We just can’t seem to escape “identity” politics. It should be an oxymoron. Politics should be about ideas, not looking out for your kind, your group — whether gender, complexion of skin, social standing, youth, etc.

But no, it is the first rejoinder cast.

When the new Assembly Speaker-apparent John Hambrick summarily ousted Assemblywoman Michele Fiore and Assemblywoman Victoria Seaman from their posts as chair and vice chair of the Taxation Committee, respectively, the women promptly fired off a scathing email accusing Hambrick of engaging in a Republican war on women.

“It appears a few men in our party are not happy that we have Republican woman in key leadership roles in the legislature, and may look to Democrats for help in unraveling more leadership roles”, said Fiore.

“To replace the two women elected to the Taxation Committee with two men, sends a very dangerous message to Nevada women voters.  Women pay taxes too in Nevada,” Seaman added.

Hambrick — who gave no reason for the ouster — almost immediately reversed himself, again without explanation.

This broad brush (pun wasn’t intended but will stand, perhaps to my chagrin) painting of one group or other as victims is just as repugnant as showing favoritism. But we can’t seem to resist.

Who can forget Harry Reid’s exclamation:

“I don’t know how anyone of Hispanic heritage could be a Republican, OK. Do I need to say more?”

Blacks tend to vote Democratic, despite the fact minority economic well-being seems to suffer when the Democrat wins, even if that Democratic is half black.

We all are minorities of one. We are not lemmings. Are shouldn’t be.

Reason, logic and facts seem to go out the window when any demographic is singled out.
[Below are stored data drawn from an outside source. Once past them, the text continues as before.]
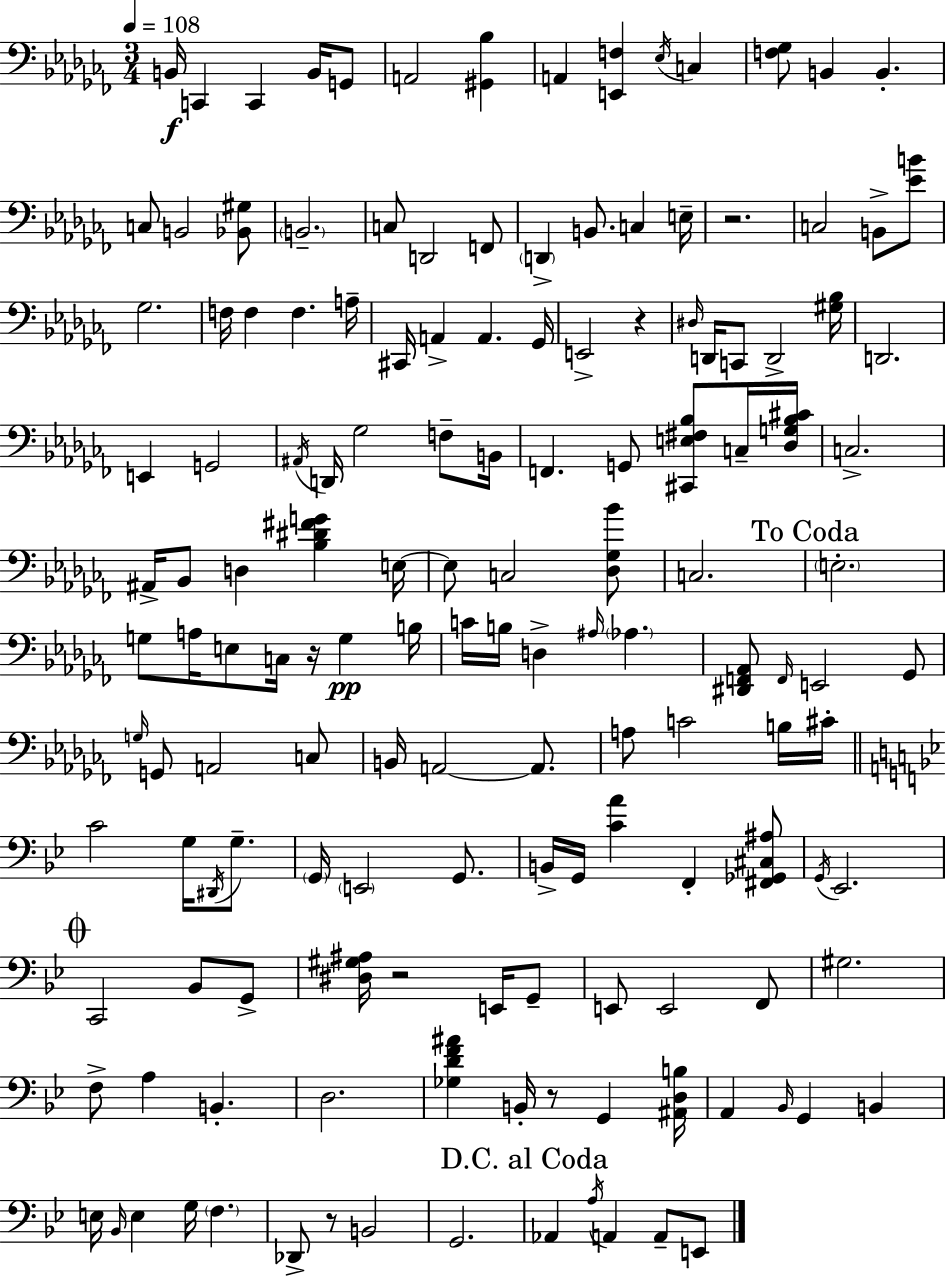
X:1
T:Untitled
M:3/4
L:1/4
K:Abm
B,,/4 C,, C,, B,,/4 G,,/2 A,,2 [^G,,_B,] A,, [E,,F,] _E,/4 C, [F,_G,]/2 B,, B,, C,/2 B,,2 [_B,,^G,]/2 B,,2 C,/2 D,,2 F,,/2 D,, B,,/2 C, E,/4 z2 C,2 B,,/2 [_EB]/2 _G,2 F,/4 F, F, A,/4 ^C,,/4 A,, A,, _G,,/4 E,,2 z ^D,/4 D,,/4 C,,/2 D,,2 [^G,_B,]/4 D,,2 E,, G,,2 ^A,,/4 D,,/4 _G,2 F,/2 B,,/4 F,, G,,/2 [^C,,E,^F,_B,]/2 C,/4 [_D,G,_B,^C]/4 C,2 ^A,,/4 _B,,/2 D, [_B,^D^FG] E,/4 E,/2 C,2 [_D,_G,_B]/2 C,2 E,2 G,/2 A,/4 E,/2 C,/4 z/4 G, B,/4 C/4 B,/4 D, ^A,/4 _A, [^D,,F,,_A,,]/2 F,,/4 E,,2 _G,,/2 G,/4 G,,/2 A,,2 C,/2 B,,/4 A,,2 A,,/2 A,/2 C2 B,/4 ^C/4 C2 G,/4 ^D,,/4 G,/2 G,,/4 E,,2 G,,/2 B,,/4 G,,/4 [CA] F,, [^F,,_G,,^C,^A,]/2 G,,/4 _E,,2 C,,2 _B,,/2 G,,/2 [^D,^G,^A,]/4 z2 E,,/4 G,,/2 E,,/2 E,,2 F,,/2 ^G,2 F,/2 A, B,, D,2 [_G,DF^A] B,,/4 z/2 G,, [^A,,D,B,]/4 A,, _B,,/4 G,, B,, E,/4 _B,,/4 E, G,/4 F, _D,,/2 z/2 B,,2 G,,2 _A,, A,/4 A,, A,,/2 E,,/2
Apparently we can now add “identity” justice to “identity” politics.

Congressional staffers walked out onto the steps and raised their hands in that hands-up-don’t-shoot gesture, though a grand jury found that to be an utter fabrication.

Politics and justice should be based on facts and not us against them.

Ramirez cartoon

Speaking a couple of months ago at the Human Rights Campaign’s annual black tie dinner — which would exclude me right there — former President Bill Clinton said:

“I believe that in ways large and small, peaceful and sometimes violent, that the biggest threat to the future of our children and grandchildren is the poison of identity politics that preaches that our differences are far more important than our common humanity.”

He reminded in audience that “we’re 99 and a half percent the same.”

What is in our heads is far more important than the pigment of our skin or our biological plumbing.